Title

Revisiting Panethnicity: Emerging Political Contours in Asian Pacific American Politics

Document Type

Article

Publication Date

3-12-2021

Publisher

Cambridge University Press

Abstract

The contemporary Asian Pacific American (APA) community consists of more than 30 ethnic groups with none representing a majority of the total APA population. 1 With the importance of racial group consciousness in US politics through power in numbers, the salience of panethnicity to APA politics remains unabated. Since Espiritu’s (1992) influential work, past scholarship in the past two decades in the field of APA politics has examined the influence of APA candidates and elected officials on panethnic APA voter turnout and campaign contributions (Cho 1999; Lai 2000; 2011; Lai et al. 2001; Min 2014). Other studies focused on the racial positionality of APAs through statewide and national public opinion and voting behavior on issues that shape APA group consciousness (Junn and Masuoka 2008; Wong et al. 2011). The panethnic question often posited in these studies is whether APA ethnic groups will find common interests and ideology that bind a couple or several of them together or will they go it alone.

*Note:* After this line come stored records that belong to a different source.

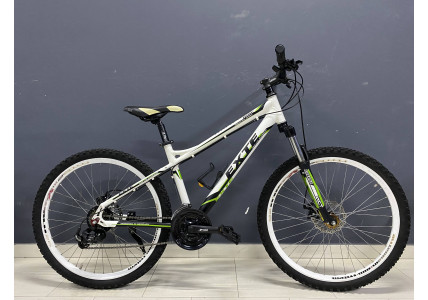 Велосипед EXTE Mirage disk alu 26" S 16"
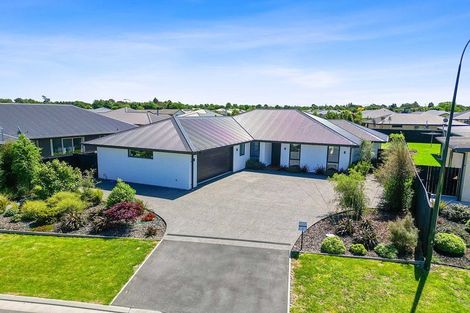 Photo of property in 8 Glenmark Drive, Darfield, 7510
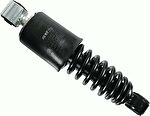 SACHS 313951 Резьбовое кольцо М142х1,5 (81.35125-0048)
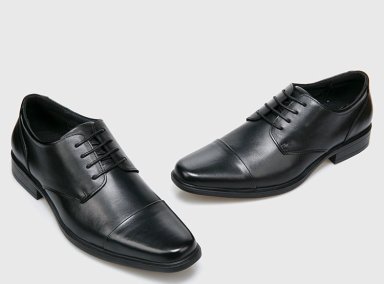 ZAPATOS CUERO HOMBRE MARQUIS MAXIMO - 2
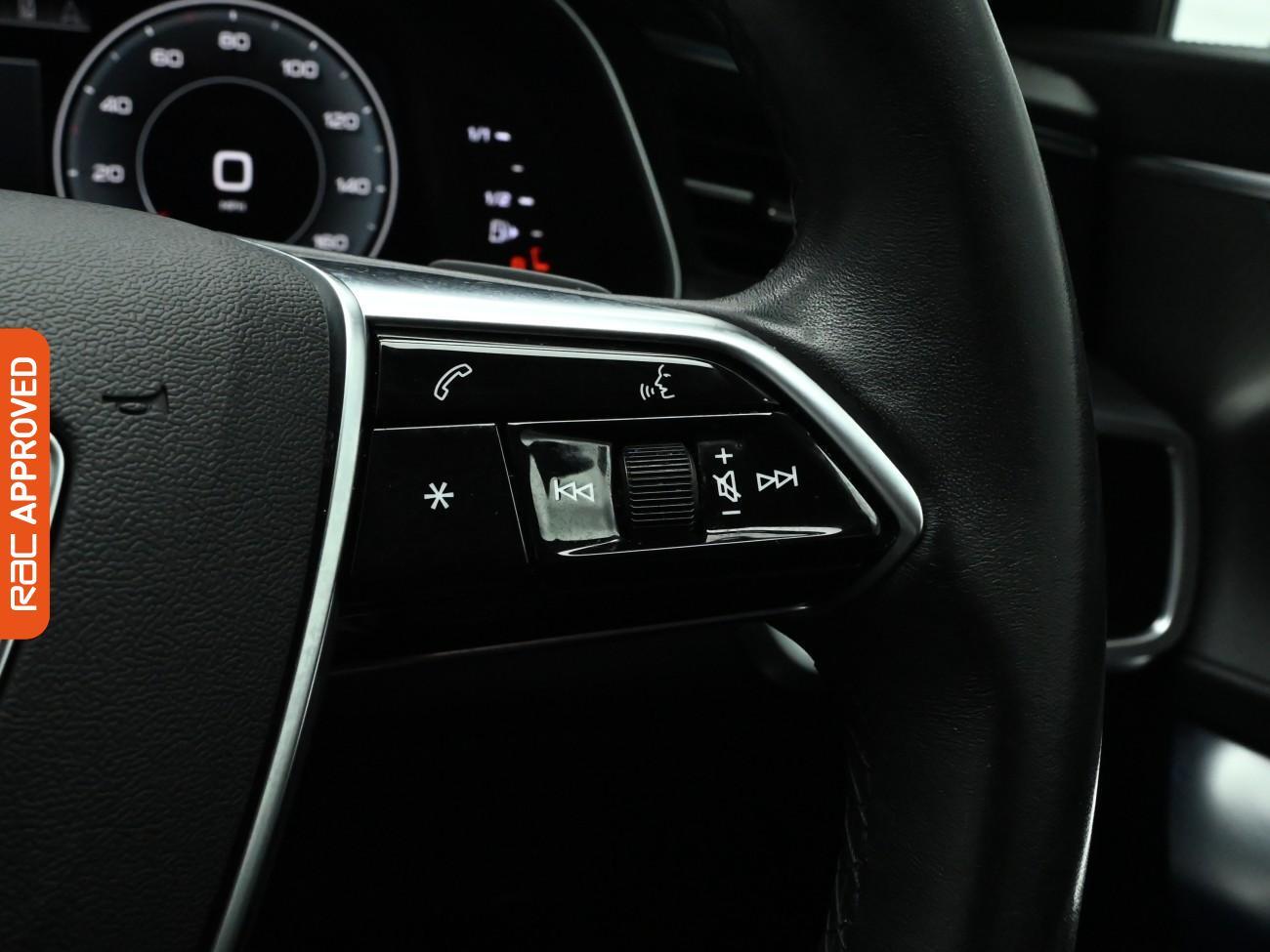 Used Audi A6 Saloon 2022 for sale - 77106913: Photo 25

Future scholarship on APA panethnicity must continue to interrogate these critical perspectives while examining newly emerging political contours that facilitate or inhibit panethnic identity, such as rising class disparities, emerging ideological movements on social-media platforms, and persisting transnational identities. Instead of framing the panethnic question as to whether APA ethnic groups can coalesce on issues and candidates in progressive, unified racial coalitions rather than going it alone, future studies should consider these political contours that embody the diversity of the larger APA community. In doing so, we can consider a future that is not limited to political cohesion as a single unified racial group but one in which there could be competing APA panethnic coalitions representing different political positions along the entire ideological spectrum.